Erika Saldaña, colaboradora de la Sala de lo Constitucional

Erika Saldaña, colaboradora de la Sala de lo Constitucional

Erika Saldaña, 7 noviembre 2016 / EDH

Las elecciones de Estados Unidos han inundado las noticias en los últimos días. No es para menos. Los resultados de esta carrera electoral tendrán influencia en temas que nos importan a los salvadoreños y a la comunidad latina en general; las ideas del nuevo presidente tendrán influencia en asuntos como la política exterior, inmigración, cooperación económica, entre otros.

El candidato republicano, el empresario Donald Trump, ha estado rodeado de polémica durante casi toda la carrera hacia La Casa Blanca; comentarios despectivos hacia grupos históricamente marginados (latinos, mujeres y discapacitados) han movilizado a estos sectores a votar y están haciendo bajar los índices de abstención electoral en la votación adelantada en estados fronterizos como Arizona, donde la población latina ha aumentado su participación.

diario hoyPor su parte, Hillary Clinton también se ha visto envuelta en polémicas relacionadas con una investigación federal sobre el uso incorrecto de su correo electrónico personal durante el ejercicio de su cargo en el gobierno de Barack Obama. Además, su matrimonio con el expresidente Bill Clinton, su amplia carrera política como senadora y secretaria de Estado, ha dejado como legado muchos detractores.

Las elecciones en los Estados Unidos no se ganan considerando cual candidato obtiene la mayor cantidad de votos de la ciudadanía, como sí sucede en El Salvador (quien tiene más votos gana la presidencia). Lo anterior se debe al sistema adoptado por la Constitución de ese país, la cual establece al federalismo como la forma de organización y gobierno de los Estados Unidos. Hay 50 Estados que gozan de autonomía en su organización y reglas de funcionamiento, con la única limitante de la prohibición de las monarquías como gobiernos locales.

Para la votación existen distintas reglas en cada estado. Por ejemplo, en Oregón y Colorado únicamente se puede votar enviando la boleta por correo postal; en California, Arizona, Florida y Oklahoma, entre otros, es válido votar de manera adelantada al día oficial de las elecciones; y en estados como Nueva York, Alabama y Kentucky debe acudirse a las urnas el 8 de noviembre. Contrario a la mayoría de países latinoamericanos, donde las elecciones se realizan en domingo para facilitar la asistencia, en los Estados Unidos se realiza en día de semana y las actividades laborales se ejecutan de manera regular.

La elecciones en los Estados Unidos las gana el candidato que obtenga la mayor cantidad de los 538 votos electorales en disputa; cada Estado tiene un número de votos electorales igual al número de representantes que posee en el Congreso, más dos votos por sus escaños en el Senado. Quien obtiene 269 votos electorales o más gana la presidencia del país.
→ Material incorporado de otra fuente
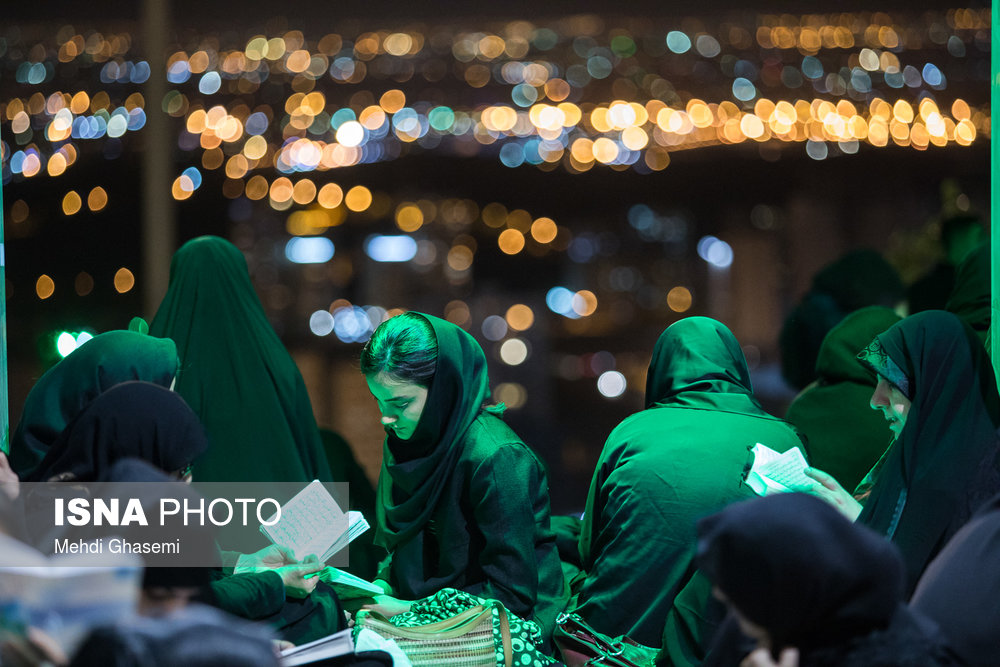 شب بیست و یکم ماه مبارک رمضان - مقبره شهدای گمنام در آبشار تهران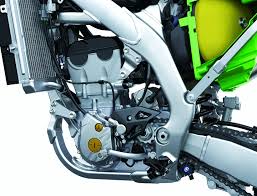 The 2021 kawasaki kx250 receives an upgraded engine, revised suspension and an updated frame inherited from the kx450. Kawasaki Kx250 Kx450 2021 Cross Magazin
Según una publicación del periódico estadounidense The New York Times, los Estados “swing” que podrían definir las elecciones son Virginia, Minnesota, Nuevo Hampshire, Pennsylvania, Colorado, Michigan, Wisconsin, Carolina del Norte, Nevada, Florida, Arizona, Iowa, Georgia, Ohio y Missouri. Se les denomina “swing” en relación a la posibilidad de inclinarse tanto del lado de los demócratas como del lado de los republicanos; a dichos Estados les pertenecen 193 votos electorales.

Esta elección es importante para los estadounidenses no solo por la dirección que el Gobierno federal tomará, sino también debido a que el nuevo presidente estará habilitado para proponer al Senado al sustituto del juez Antonine Scalia en la Corte Suprema. Además, teniendo en cuenta la edad promedio de retiro de los magistrados de esta Corte, es probable que en los próximos 4 años sea necesario nominar a 3 candidatos más, por lo que podría cambiar la conformación y pensamiento de esta importante institución.

Al ser una de las grandes potencias mundiales, la elección del presidente de los Estados Unidos tendrá gran impacto no solo en ese país, sino también en sus relaciones políticas, económicas y migratorias con el resto del mundo. Hay alrededor de 57 millones de latinos viviendo ahí, que representan el 17 % del total de la población; de estos, 27.3 millones están habilitados para votar y se espera una participación de 13.1 millones.  Esta elección es importante para El Salvador teniendo en cuenta los casi dos millones de compatriotas que han emigrado a ese país, quienes se han convertido en unos de los pilares de la economía salvadoreña a base de remesas.